## ASSIGNMENT:
Only the lines below from the one with "LA CASA DE LAS" through the one with "Manguera De Riego" are to be written out, exactly and without any images.

## EXERCISE DATA:
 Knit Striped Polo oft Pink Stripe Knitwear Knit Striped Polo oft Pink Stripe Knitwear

...

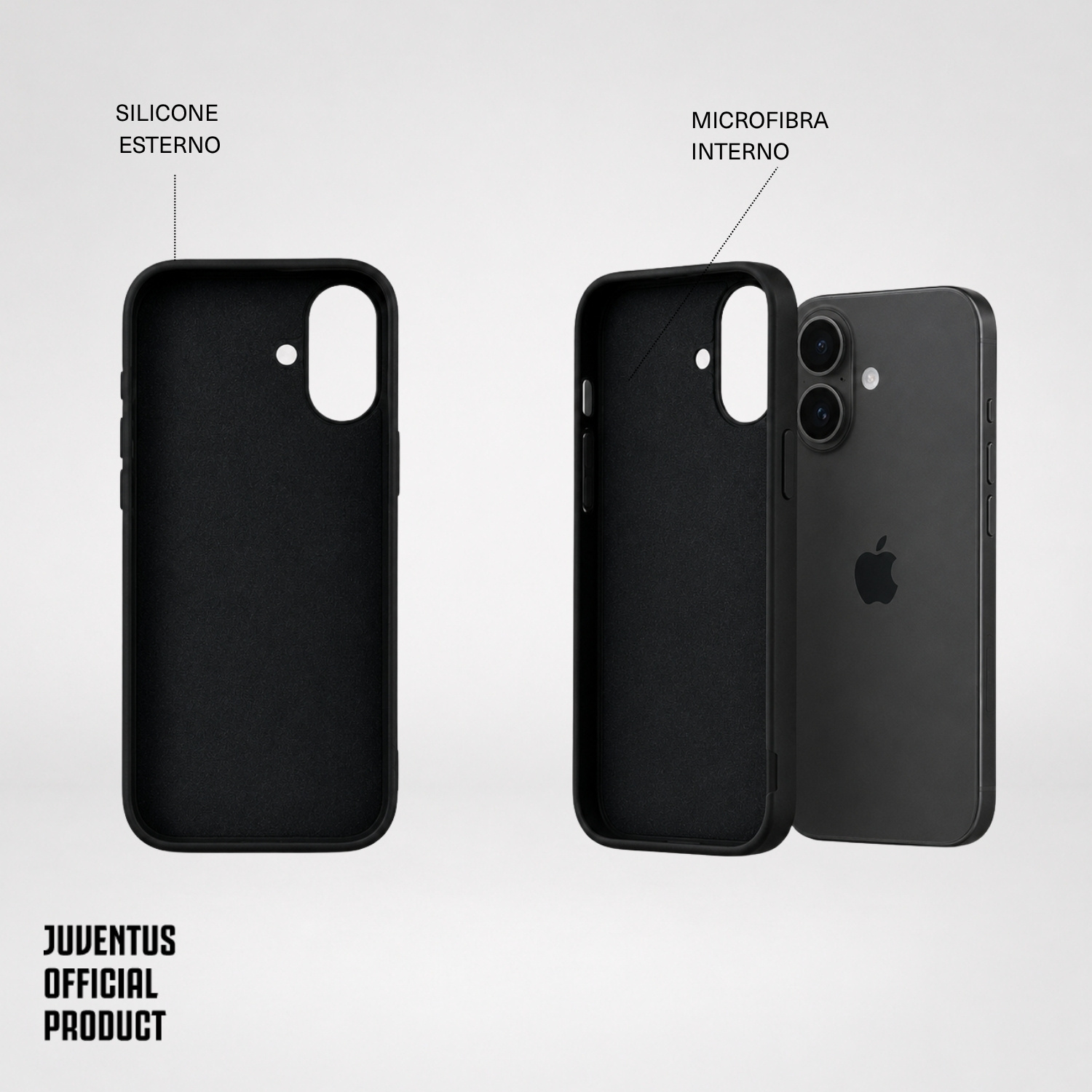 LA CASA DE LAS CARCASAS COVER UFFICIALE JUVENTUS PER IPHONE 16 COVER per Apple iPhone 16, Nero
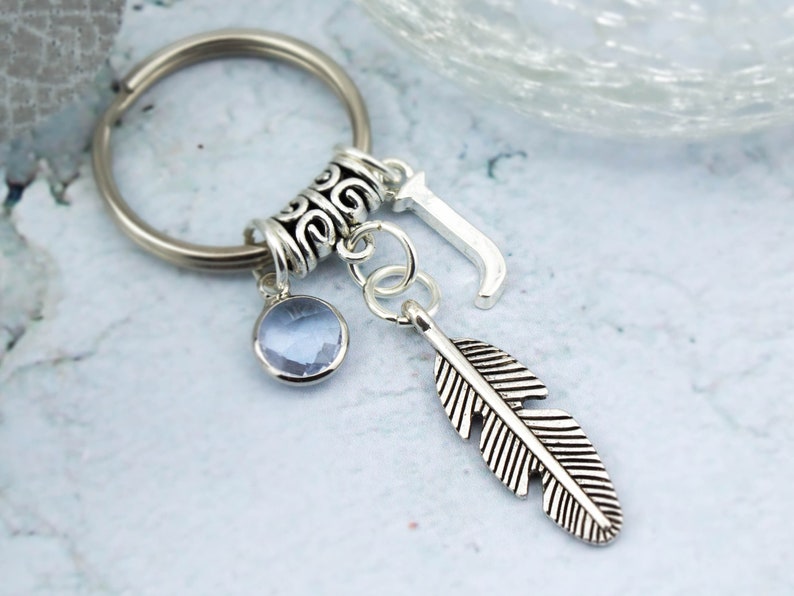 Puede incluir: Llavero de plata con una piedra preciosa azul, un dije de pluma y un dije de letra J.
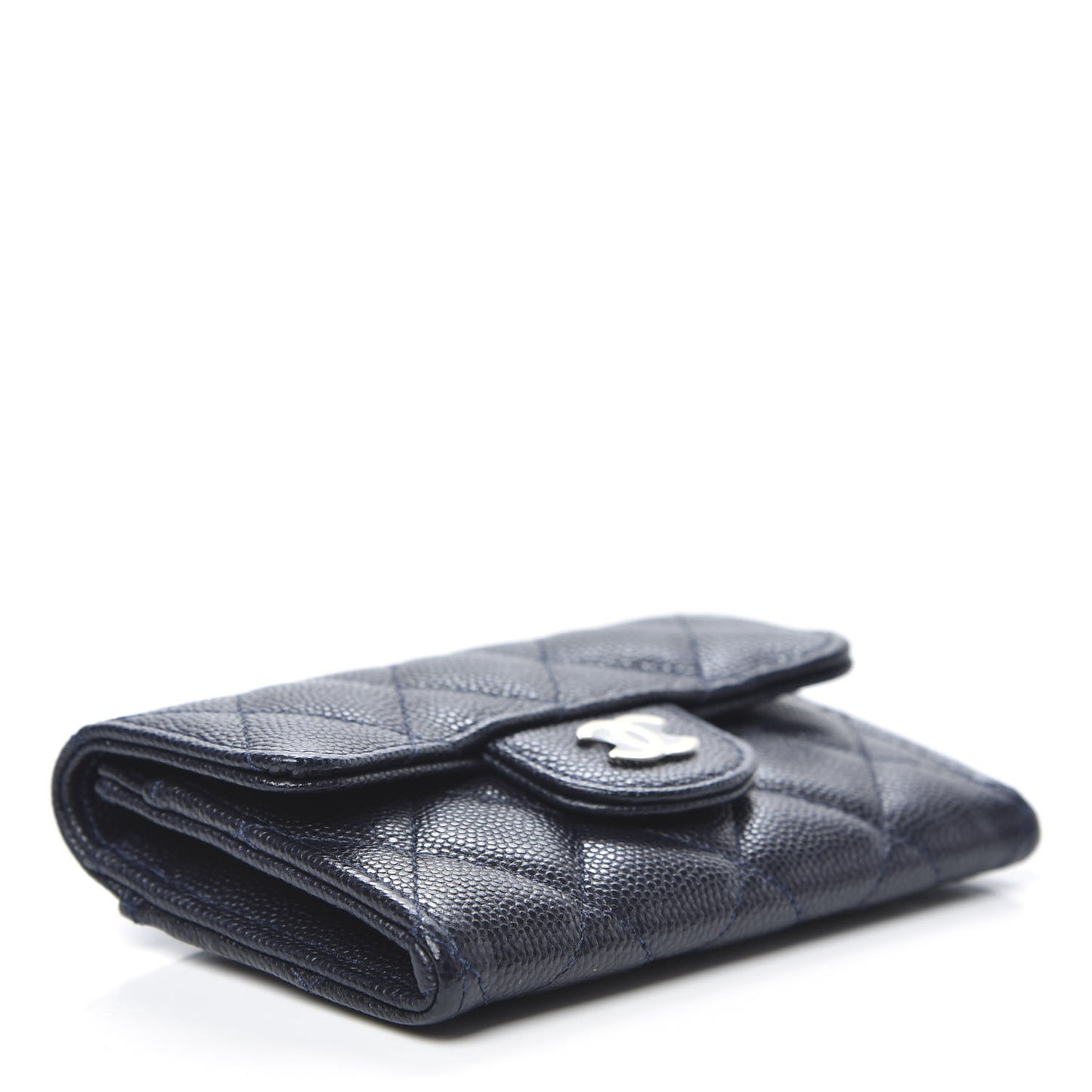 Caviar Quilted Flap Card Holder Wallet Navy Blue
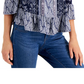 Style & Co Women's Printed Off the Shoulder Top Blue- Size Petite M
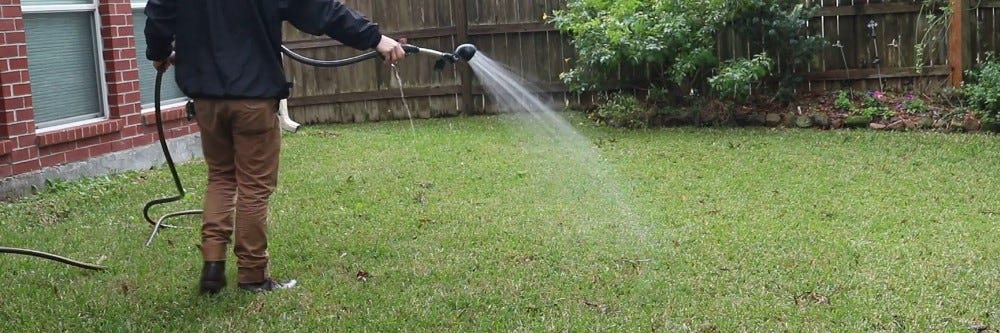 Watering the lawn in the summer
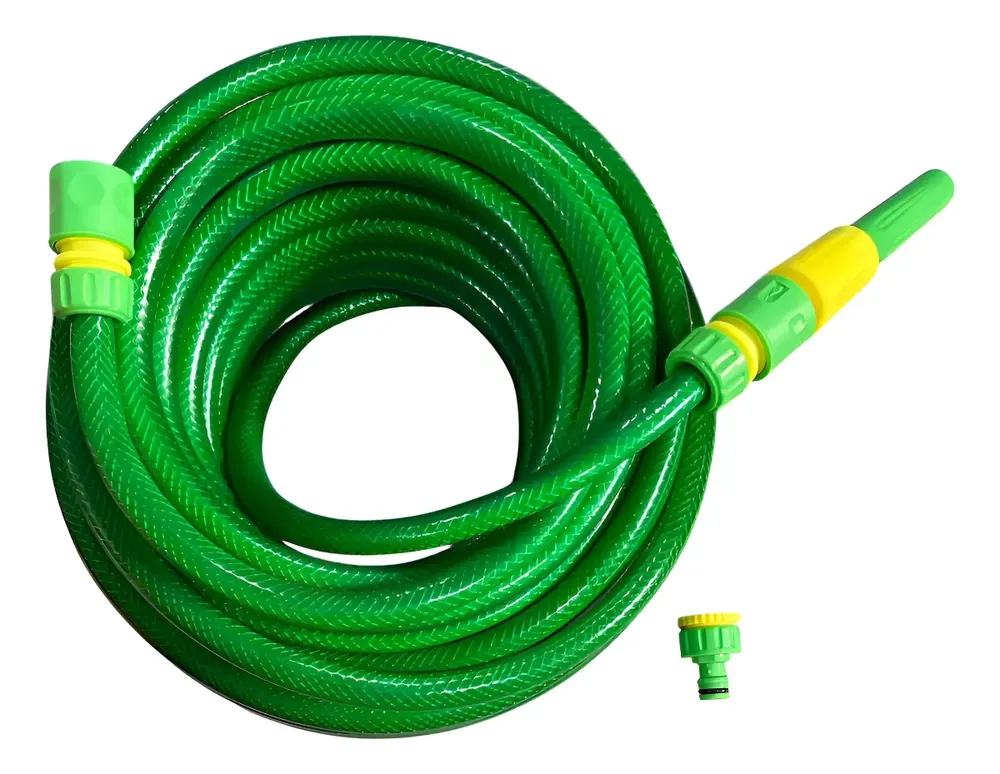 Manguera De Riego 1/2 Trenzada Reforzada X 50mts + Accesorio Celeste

## EXERCISE SOLUTION:
 LA CASA DE LAS CARCASAS COVER UFFICIALE JUVENTUS PER IPHONE 16 COVER per Apple iPhone 16, Nero
 Puede incluir: Llavero de plata con una piedra preciosa azul, un dije de pluma y un dije de letra J.
 Caviar Quilted Flap Card Holder Wallet Navy Blue
 Style & Co Women's Printed Off the Shoulder Top Blue- Size Petite M
 Watering the lawn in the summer
 Manguera De Riego 1/2 Trenzada Reforzada X 50mts + Accesorio Celeste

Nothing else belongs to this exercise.